## WORK ITEM
Only the tail of the listing is wanted: the line containing "2014 Mercedes-Benz SLK" and all after it, repeated exactly, pictures omitted.

## SUPPLIED ENTRIES
----
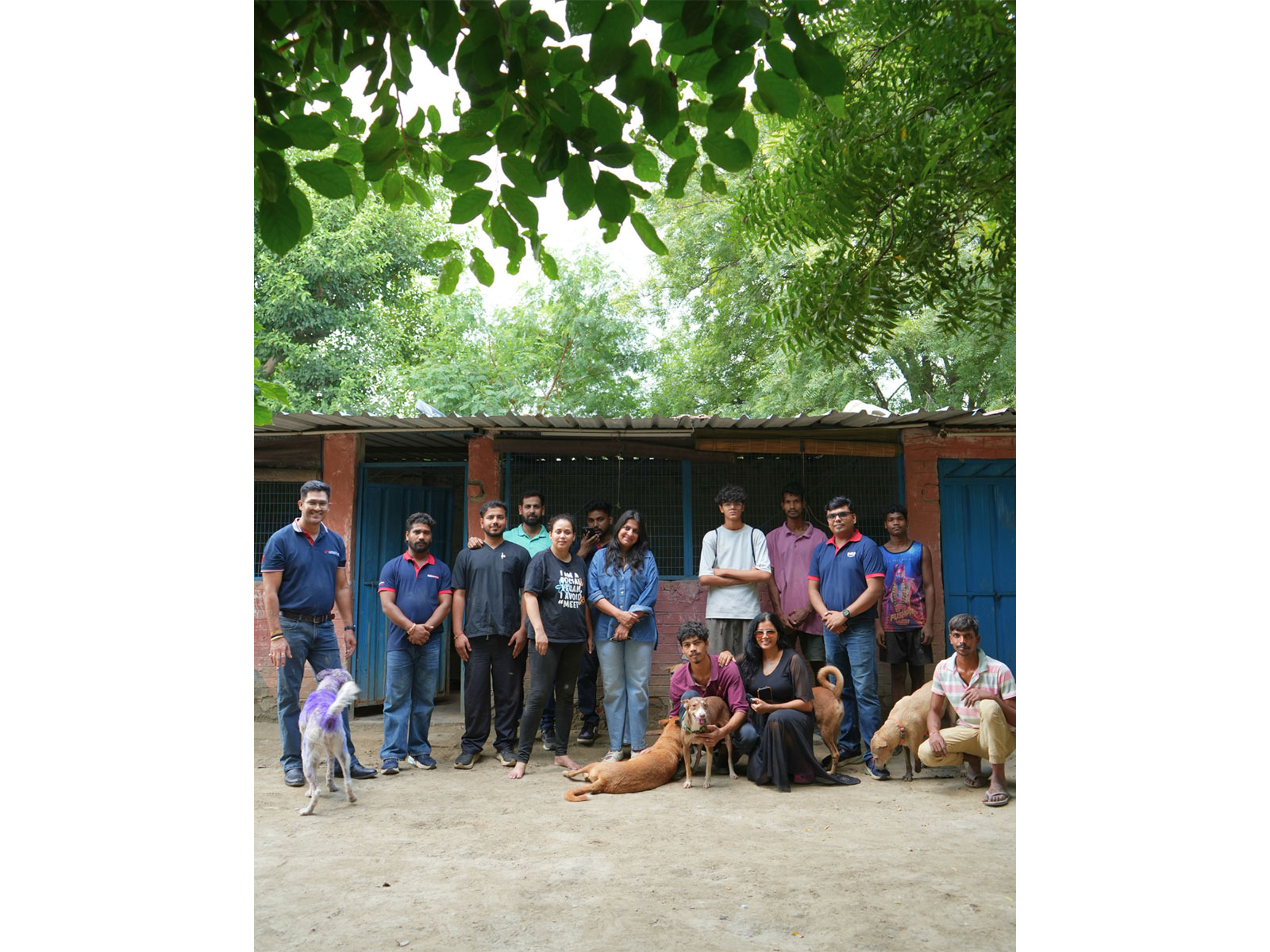 Zigly Foundation's Community Feeding Initiative Crosses 5,000 Kg Mark, Reaching Dogs Across Shelters and Communities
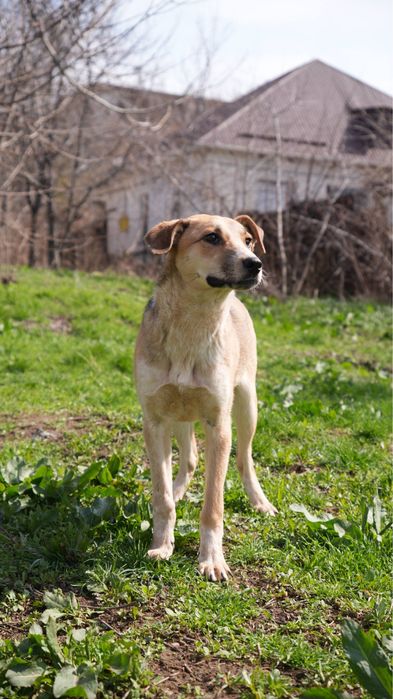 Сгущёнка. Ищет семью звоночек. Девочка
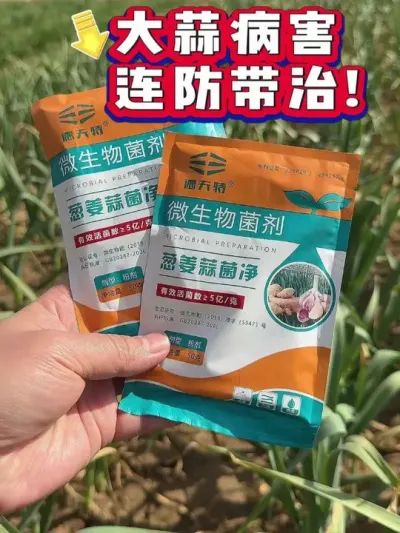 清明过后大蒜怎样管理 #大蒜种植 #大蒜病害防治 #德夫特葱姜蒜菌净 #大蒜种植技术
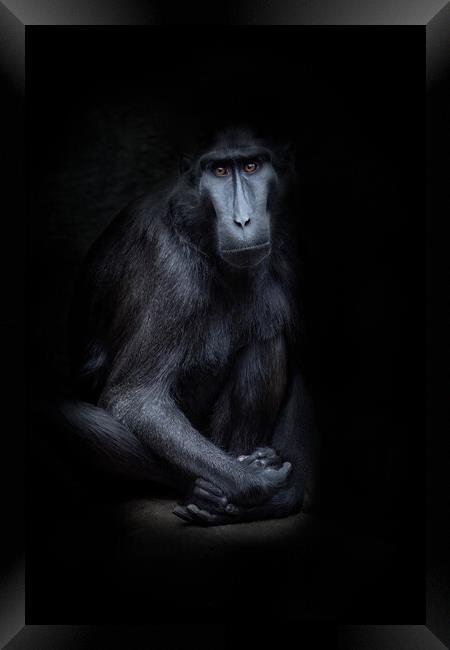sulawesi crested macaque Framed Print by chris smith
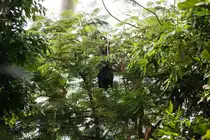 In der gro�en Tropenhalle waren am 2.9.2018 zahlreich fliegende Hunde zu sehen. Die weniger Aktiven hingen in den oberen B�umen der Zoom Erlebniswelt in Gelsenkirchen im Teil Asien.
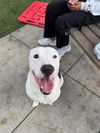 adoptable Dog in  named CURIOUS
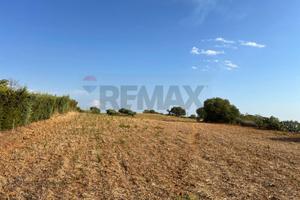 Terreno - Caltagirone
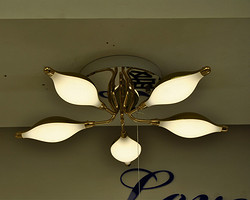 Chandelier,Decorative Lighting,Feisuan2_1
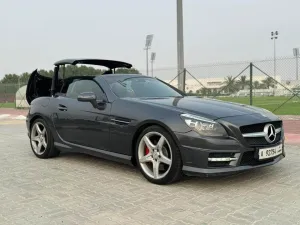 2014 Mercedes-Benz SLK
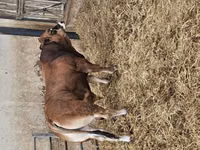 Toro, Partenaise cattle — foto 4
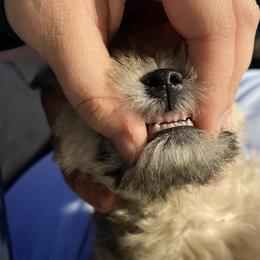 Schnoodle Puppies from Noodle Tings Puppies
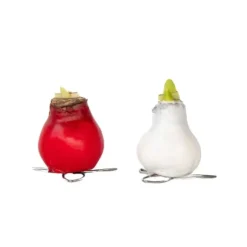 Amaryllis - Hippeastrum 'Wax Mix Red White' - Lök - Röda blommor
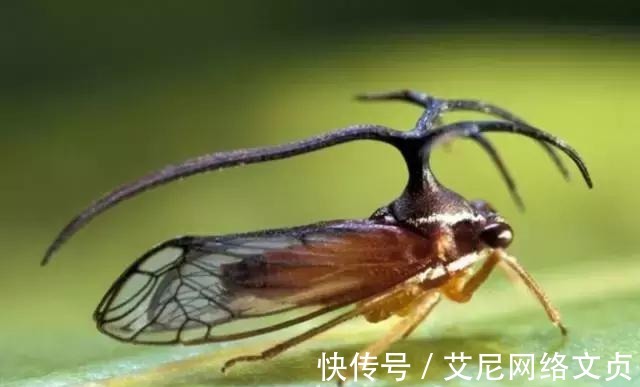 蝉|蝉鸣, 就是最美的夏日诗词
----
## WRITTEN RESPONSE
 2014 Mercedes-Benz SLK
 Toro, Partenaise cattle — foto 4
 Schnoodle Puppies from Noodle Tings Puppies
 Amaryllis - Hippeastrum 'Wax Mix Red White' - Lök - Röda blommor
 蝉|蝉鸣, 就是最美的夏日诗词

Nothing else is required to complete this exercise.